What you will do. Where an image appears in the data, omit it and reproduce the rest exactly.

Collected data.

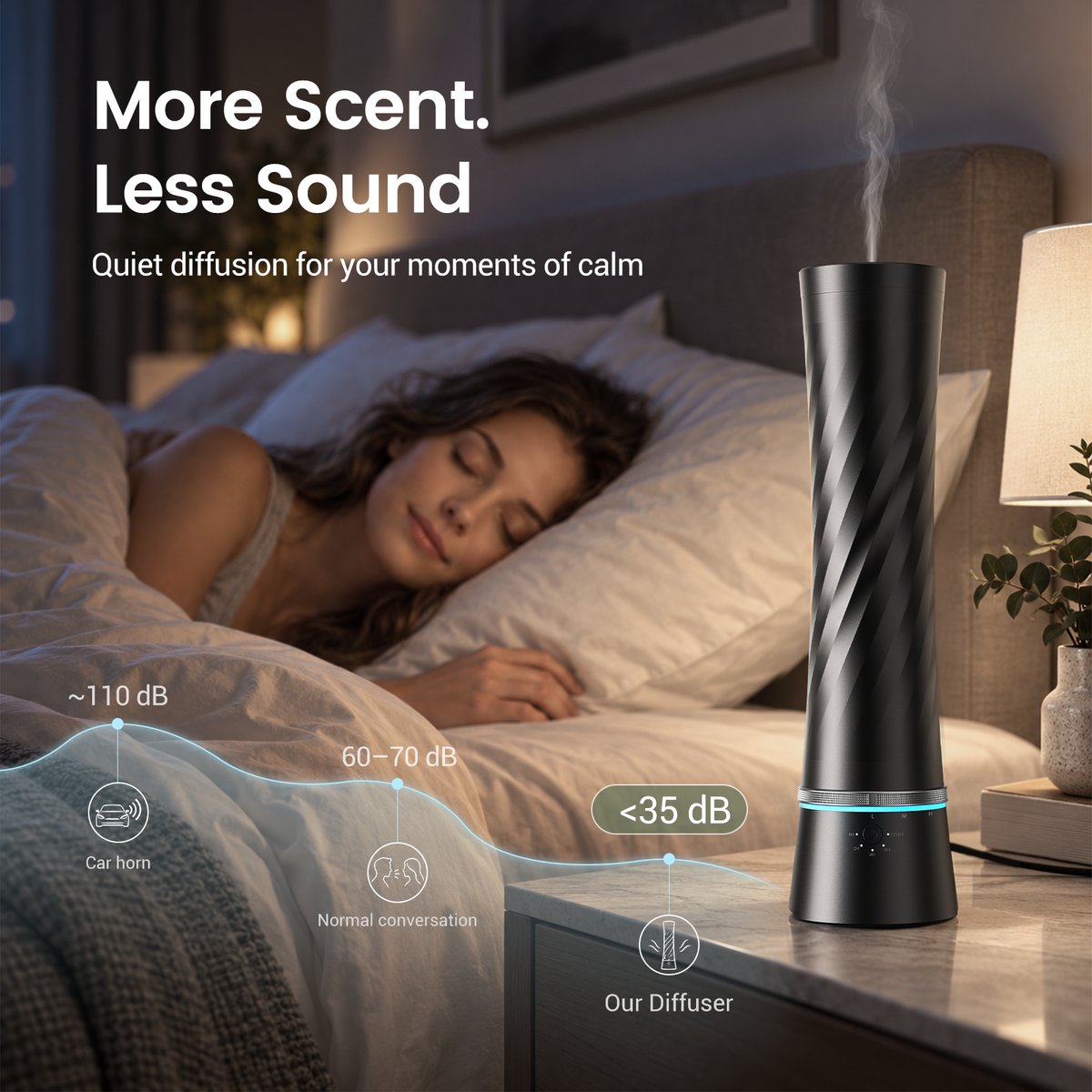 Hotel Range Fragrance Oil — Inspired by Westn Hotels(Free Diffuser With 6-month commitment)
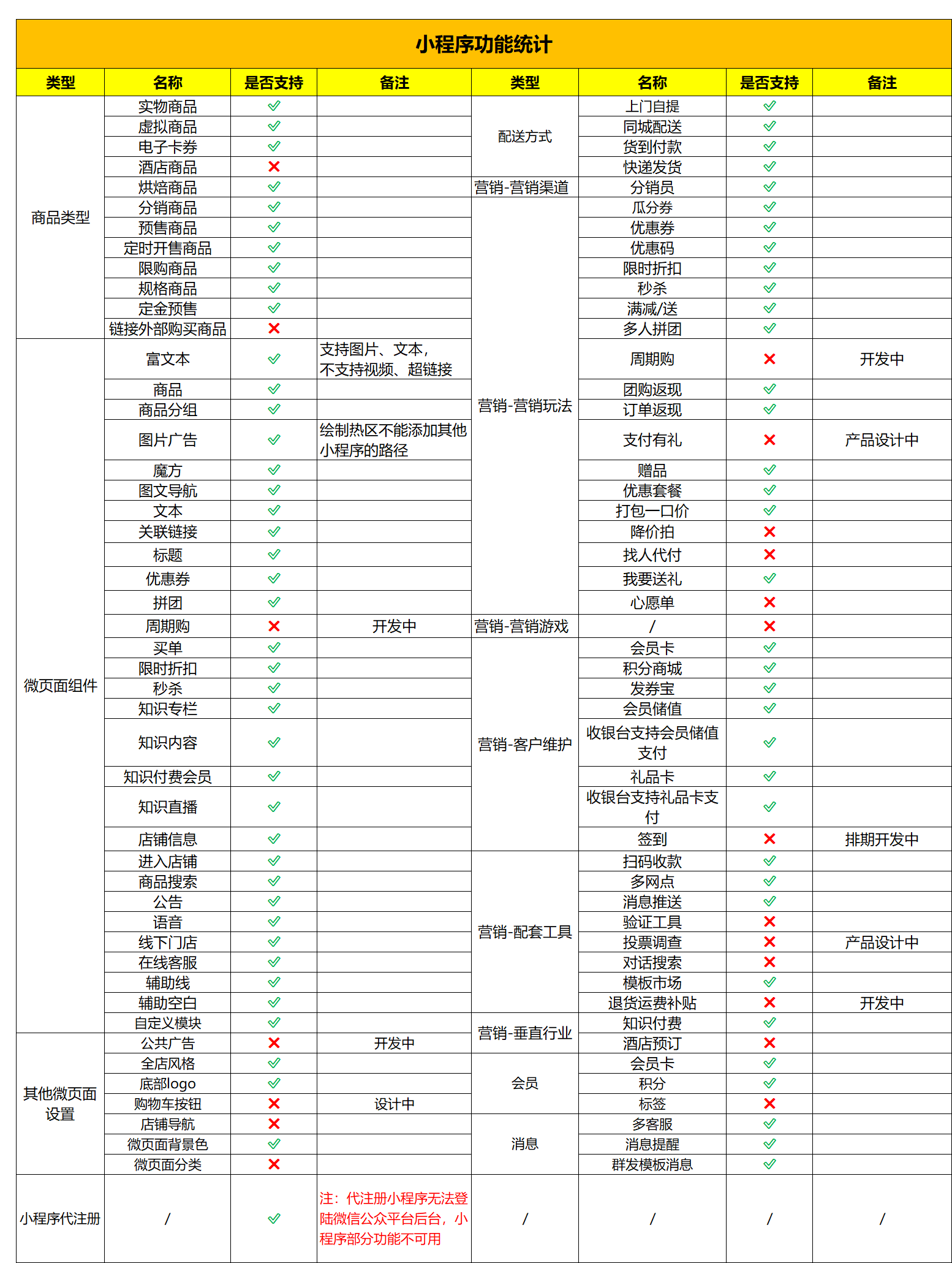 营销号怎么赚钱(空间营销号怎么赚钱)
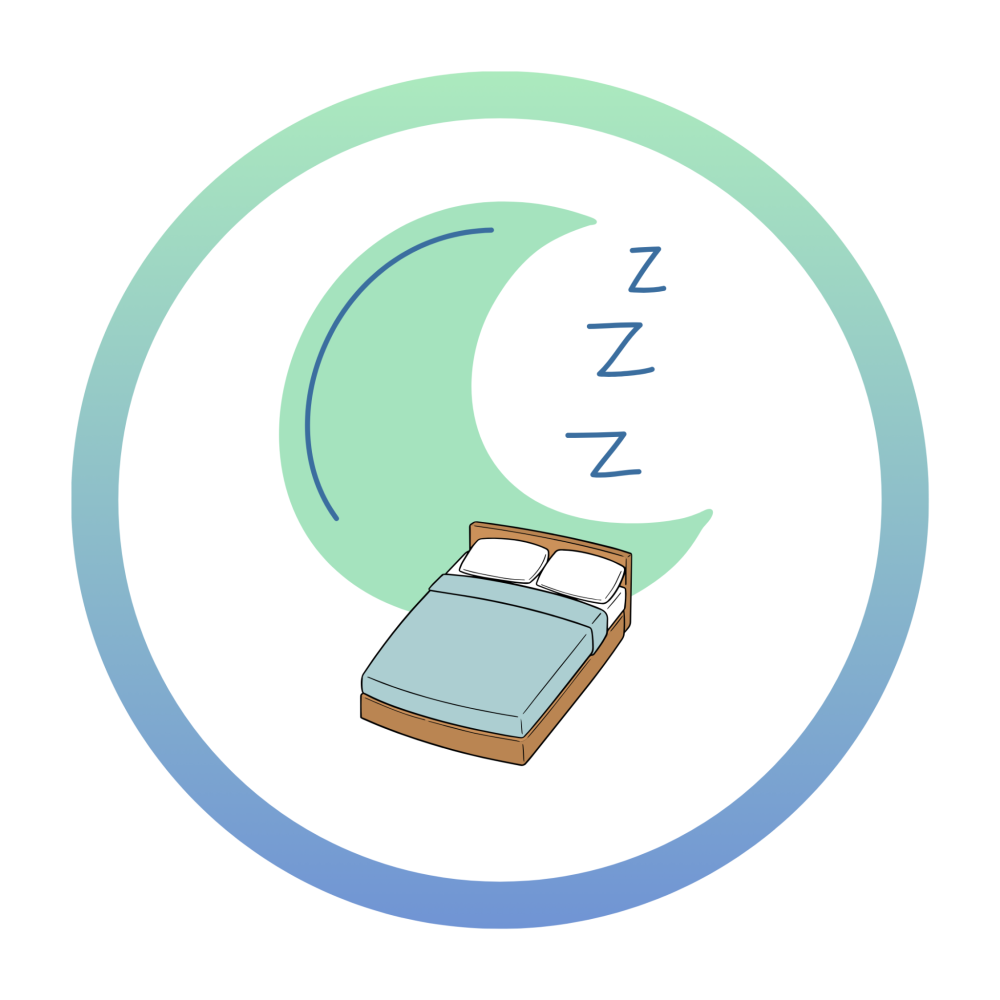 Gestion du Sommeil - 1 Personne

Answer to the exercise.
 Hotel Range Fragrance Oil — Inspired by Westn Hotels(Free Diffuser With 6-month commitment)
 营销号怎么赚钱(空间营销号怎么赚钱)
 Gestion du Sommeil - 1 Personne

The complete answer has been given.